Untuk kasus dengan pembentukan abses, operasi harus menunggu

sampai setelah drainase abses dan resolusi peradangan lokal. Selain itu, karena

kemungkinan adanya lebih dari satu bukaan fistula, mencari bukaan dan

melenyapkan komunikasi mereka melalui tulang rawan adalah kunci untuk

mencegah terulangnya. Kadang-kadang, bukaan sekunder dapat muncul di

saluran pendengaran eksternal, anterior incisura auris, cymba conchalis

auriculata, rongga choncha atau fossa segitiga. Bukaan sekunder juga dapat

disalurkan melalui tulang rawan aurikularis untuk berkomunikasi dengan

fistula pra-aurikularis di bagian belakang telinga. Dalam penelitian kami, dua

kasus berulang ditemukan memiliki bukaan sekunder selama operasi revisi,

satu di kanal pendengaran eksternal (Gambar 7) dan satu di belakang telinga

(Gambar 8). Dalam metode kami, rentang diseksi diperluas ke jaringan

subkutan di bawah auriculocephalic sulcus, sehingga tulang rawan helix dapat

sepenuhnya terpapar untuk mengidentifikasi dan mengelola bukaan fistula

potensial di tulang rawan dan lesi infeksi sisa.

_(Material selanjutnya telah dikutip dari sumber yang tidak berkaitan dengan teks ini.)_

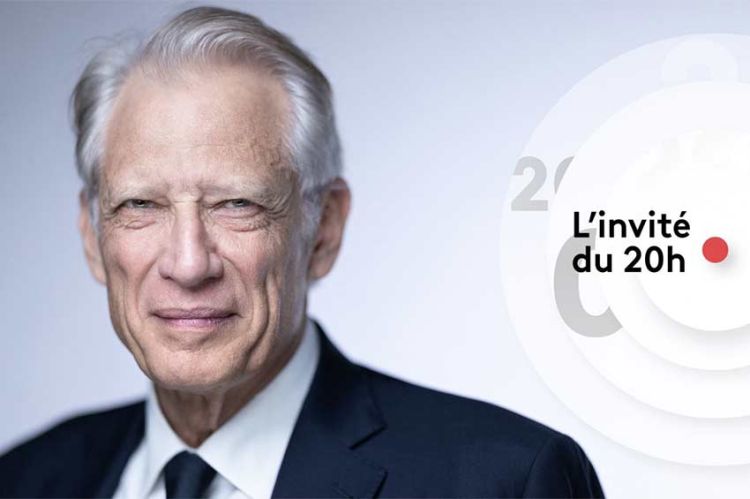 Reconnaissance de la Palestine : Dominique de Villepin invité du 20H de France 2 lundi 22 septembre 2025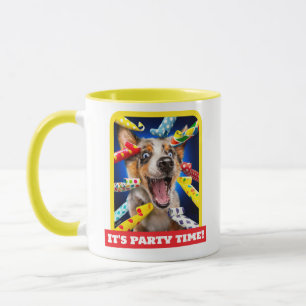 Happy Dog Party Blowers Mug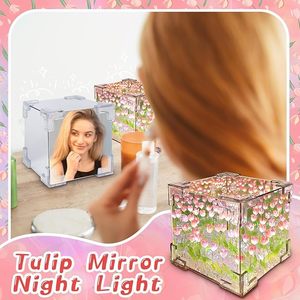 Boule de cristal 3D Desidiya Art Déco Lampe de nuit LED Support en silicone Sphère en verre Décoration d'intérieur Cadeau Couleur personnalisée Ramadan Anniversaire - Product Image 6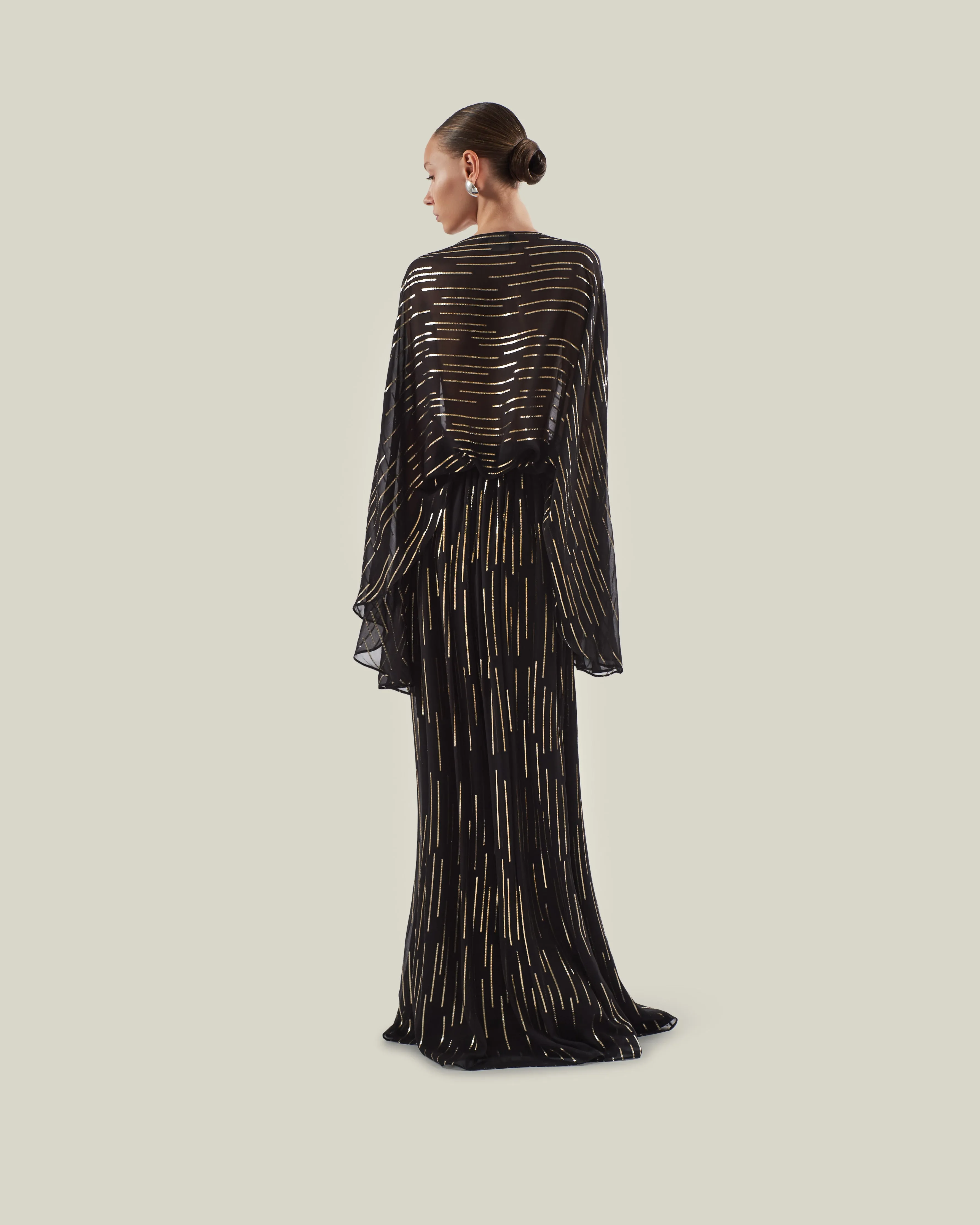 Tribeca Dress in Black & Gold sold by Taller Marmo product image thumbnail 2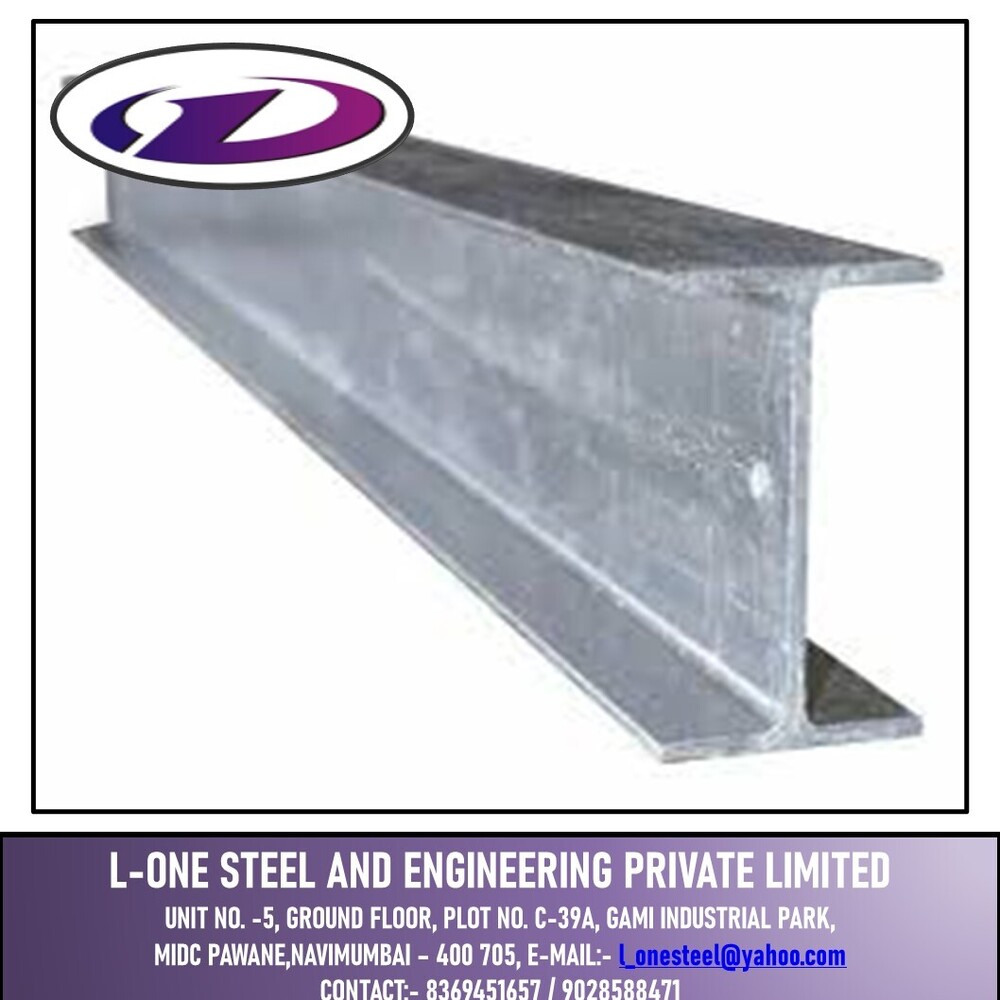 Galvanized Iron Beam - Color: Silver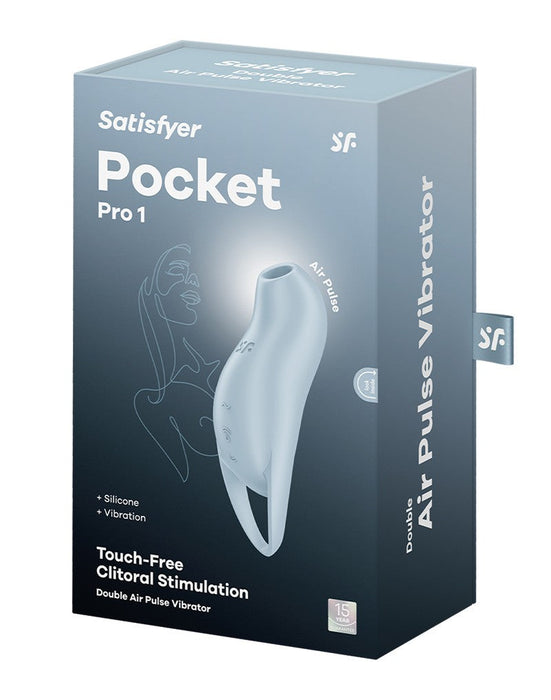 Satisfyer - Pocket Pro - Compacte Vibrerende Luchtdruk Vibrator - Lichtblauw-Erotiekvoordeel.nl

Ini juga merupakan langkah

kunci untuk mengurangi infeksi dan rekurensi pasca operasi.

Ketika hasil pengobatan dan tingkat kekambuhan dibandingkan dengan

pertimbangan riwayat pembentukan abses, operasi sebelumnya dan tingkat

infeksi dalam penelitian ini, hasil menunjukkan tidak ada perbedaan yang
signifikan (P> 0,05), menunjukkan bahwa reseksi en bloc dibatasi oleh fasia

temporalis superfisial, helix perichondrium dan auriculocephalic sulcus sangat

cocok untuk mengobati pasien dengan riwayat infeksi berulang, abses pra-

auricular, operasi sebelumnya, bekas luka infeksi yang relatif jauh dari

pembukaan fistula asli, area infeksi lebih besar dari 2-3 cm, atau kondisi

kompleks. struktur tula dengan banyak bukaan. Dasar dari reseksi enbloc

terletak pada penentuan area bedah (dibatasi oleh fasia temporalis superfisial,

periodik heliks dan sulkus auriculocephalic) dan pengangkatan total semua

jaringan di atas bidang bedah yang ditentukan bersama dengan fistula. Dengan

demikian, tidak perlu untuk mengidentifikasi cabang fistula minor secara hati-

hati, sangat menyederhanakan prosedur dan membuatnya mudah diadopsi oleh

ahli bedah dengan pelatihan terbatas. Kesimpulannya, teknik reseksi en bloc

yang diperkenalkan dalam laporan ini adalah pendekatan sederhana dan efektif

untuk pengobatan fistula pra-aurikular bawaan.